* _Prompt_: Write down exactly the lines from the one below that has "Cotton Bermuda shorts" to the end of the data, both ends included; the pictures should not appear in your copy.

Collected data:
□ □ □
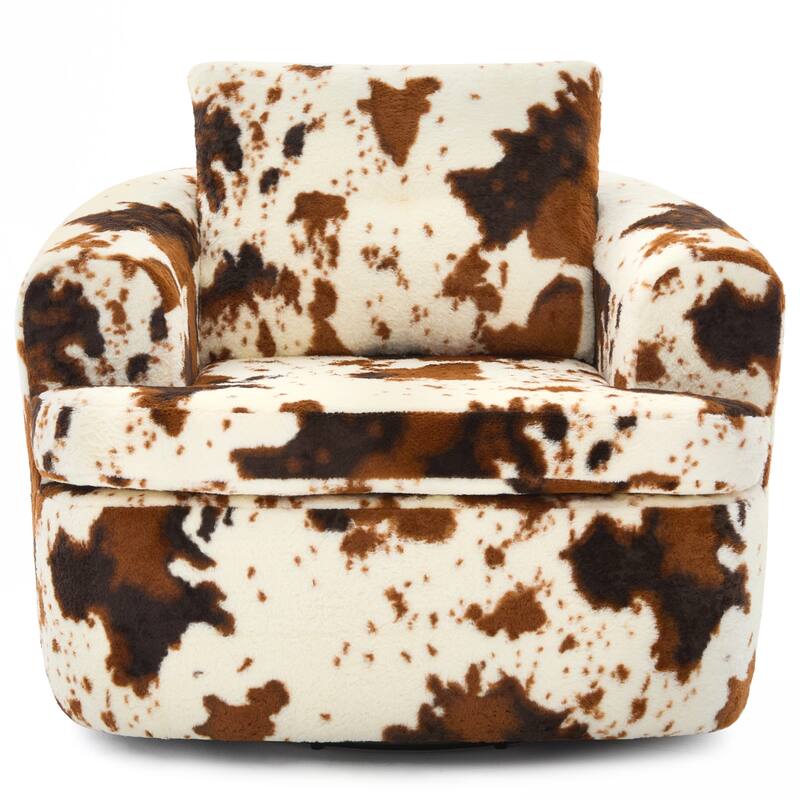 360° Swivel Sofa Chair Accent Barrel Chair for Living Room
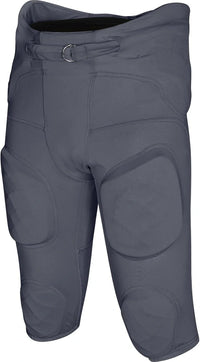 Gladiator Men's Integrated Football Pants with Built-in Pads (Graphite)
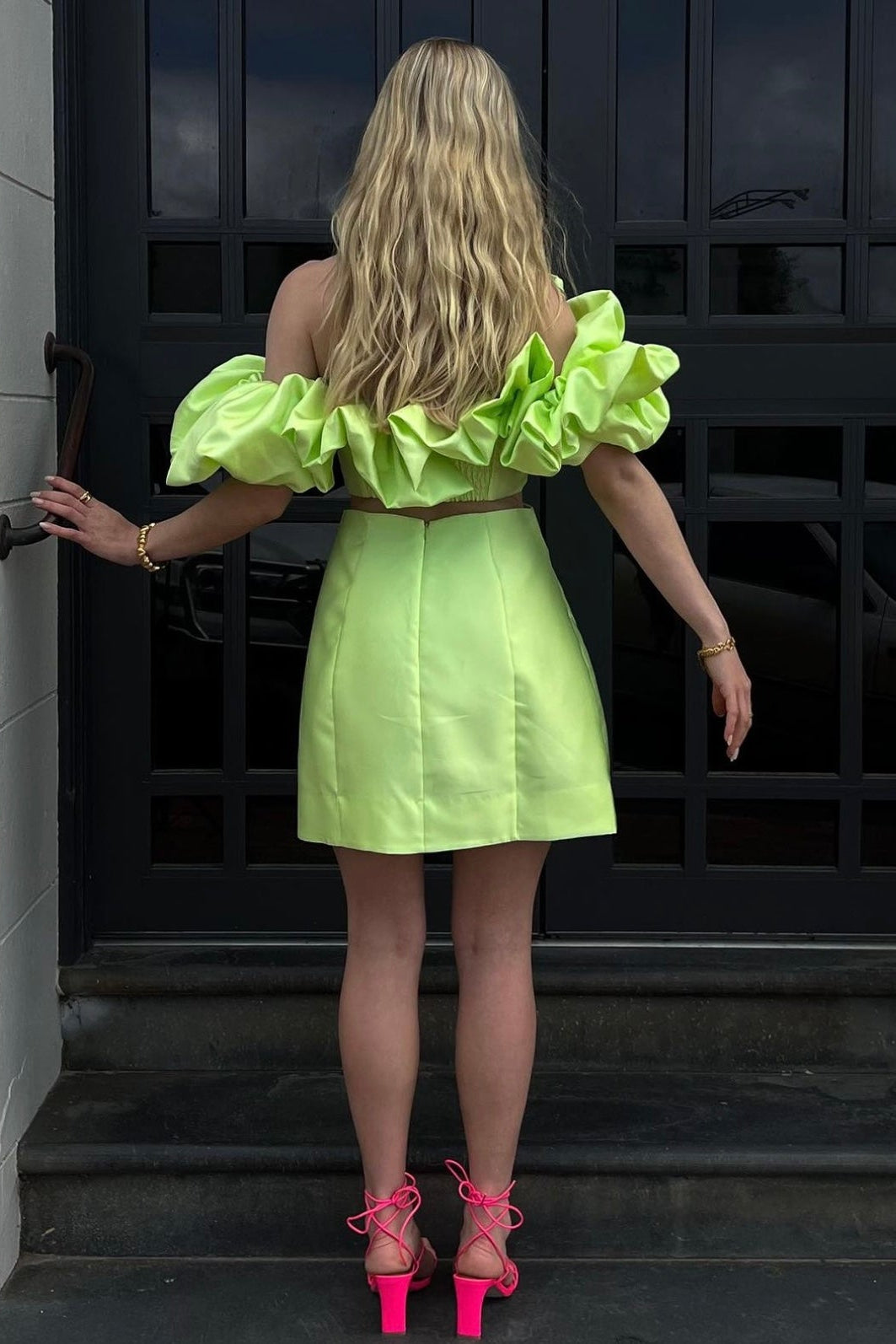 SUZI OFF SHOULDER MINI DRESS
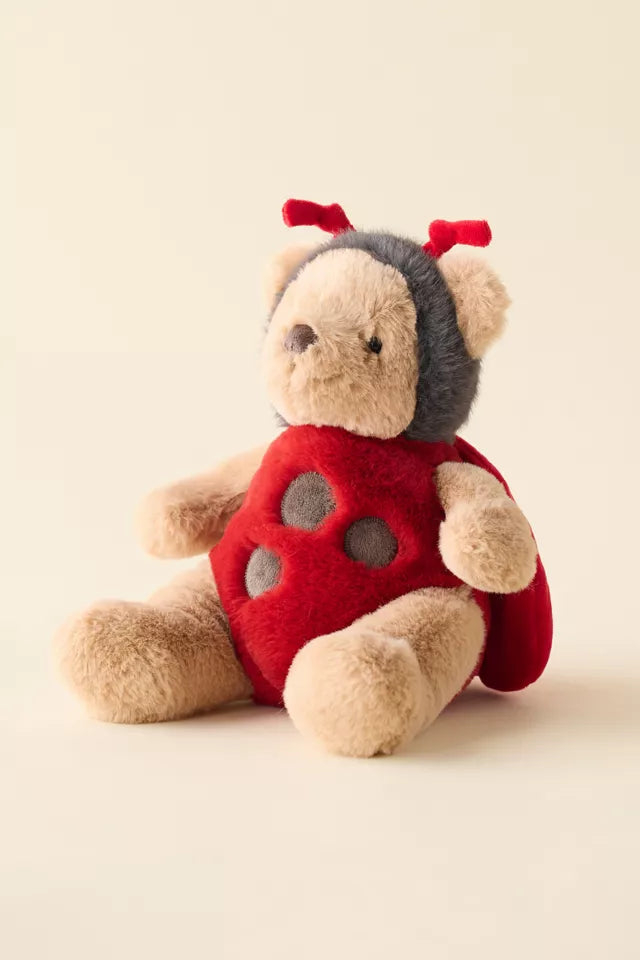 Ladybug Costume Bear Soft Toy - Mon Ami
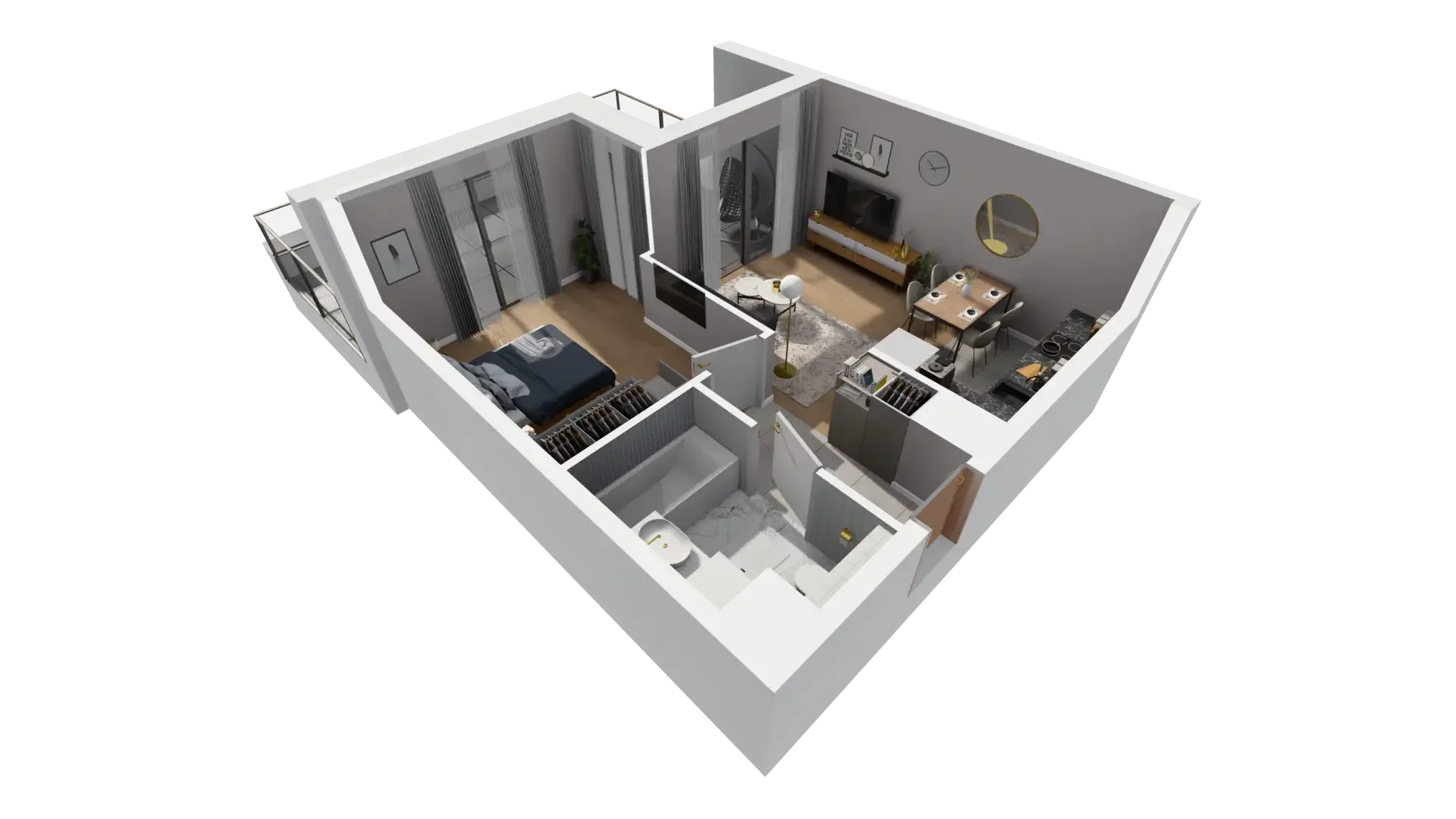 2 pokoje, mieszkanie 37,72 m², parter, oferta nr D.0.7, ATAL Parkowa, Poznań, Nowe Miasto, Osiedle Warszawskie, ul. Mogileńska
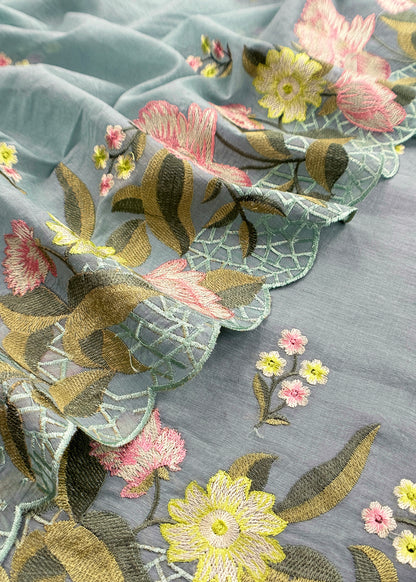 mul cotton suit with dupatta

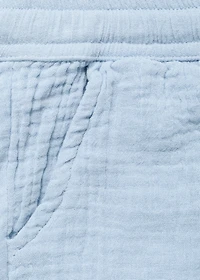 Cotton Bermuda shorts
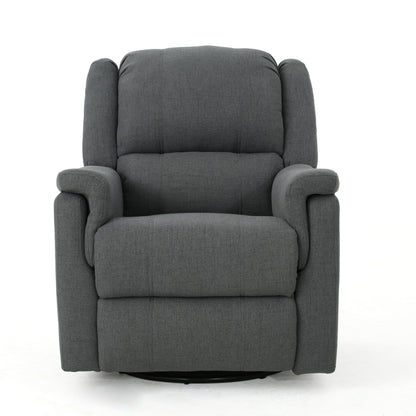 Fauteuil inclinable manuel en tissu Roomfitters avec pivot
□ □ □
* _Task output_:
 Cotton Bermuda shorts
 Fauteuil inclinable manuel en tissu Roomfitters avec pivot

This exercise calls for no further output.